Fig. 5: Patients with VEXAS syndrome are hallmarked by pan-lineage activation of inflammatory programs, downregulation of cell-cycle-related genes and ineffective erythropoiesis.

a, UMAP plot of hematopoietic cells from the BM of patients with VEXAS syndrome from the San Raffaele (PT1, PT2, PT3, PT5, PT8 and PT9) and Wu et al.⁴⁴ cohorts and age-matched controls. Clusters and associated cell types are indicated by name and color. b, Heatmap as in Fig. 4c showing the NESs for the GSEA performed within the CD34⁻ clusters from a.
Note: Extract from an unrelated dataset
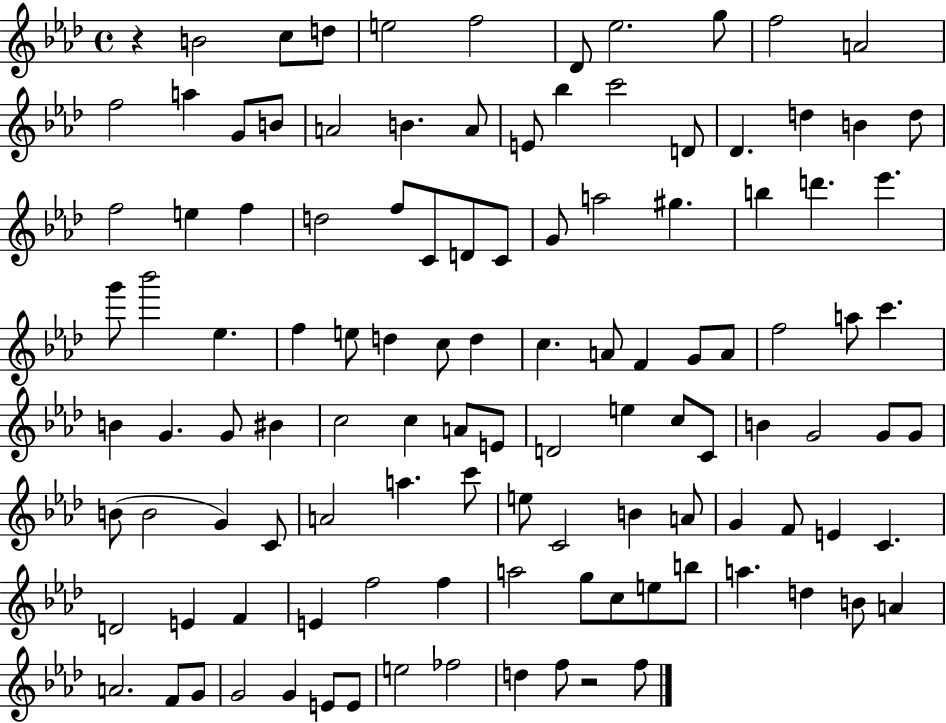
R/q B4/h C5/e D5/e E5/h F5/h Db4/e Eb5/h. G5/e F5/h A4/h F5/h A5/q G4/e B4/e A4/h B4/q. A4/e E4/e Bb5/q C6/h D4/e Db4/q. D5/q B4/q D5/e F5/h E5/q F5/q D5/h F5/e C4/e D4/e C4/e G4/e A5/h G#5/q. B5/q D6/q. Eb6/q. G6/e Bb6/h Eb5/q. F5/q E5/e D5/q C5/e D5/q C5/q. A4/e F4/q G4/e A4/e F5/h A5/e C6/q. B4/q G4/q. G4/e BIS4/q C5/h C5/q A4/e E4/e D4/h E5/q C5/e C4/e B4/q G4/h G4/e G4/e B4/e B4/h G4/q C4/e A4/h A5/q. C6/e E5/e C4/h B4/q A4/e G4/q F4/e E4/q C4/q. D4/h E4/q F4/q E4/q F5/h F5/q A5/h G5/e C5/e E5/e B5/e A5/q. D5/q B4/e A4/q A4/h. F4/e G4/e G4/h G4/q E4/e E4/e E5/h FES5/h D5/q F5/e R/h F5/e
Wilcoxon’s rank-sum test with the Benjamini–Hochberg correction was used. c, Volcano plots showing fold-changes of upregulated (red) and downregulated (green) genes comparing patients with VEXAS syndrome and controls within the ‘late erythroid cell’ cluster. Nonsignificant genes are shown in gray. Wilcoxon’s rank-sum test with the Benjamini–Hochberg correction was used. d, UMAP plot of human CD34⁺ cells from the BM of patients with VEXAS syndrome (San Raffaele and Wu et al.⁴⁴ cohorts) and age-matched controls^44,72. Clusters and associated cell types are indicated by name and color. ‘VEXAS-enr’ labels cluster with predominance of cells from patients with VEXAS syndrome. e,f, Heatmap as in Fig. 4c showing NESs for the GSEA performed within the CD34⁺ clusters from d in all patients (e) or in patients with the threonine mutation (f). Wilcoxon’s rank-sum test with the Benjamini–Hochberg correction was used. g,h, UCell scores based on the ‘VEXAS xenograft signature’ within CD34⁺ (g) and CD34⁻ (h) clusters from patients with VEXAS syndrome and controls. The signature was built considering the top-50 upregulated genes in UBA1^mut monocytes compared with the UBA1^wt counterpart. Wilcoxon’s rank-sum test with the Holm–Bonferroni correction was used. *P < 0.05; **P < 0.01; ***P < 0.001; ****P < 0.0001. NS, nonsignificant; ery, erythroid; hemato, hematopoietic; hom, homeostasis.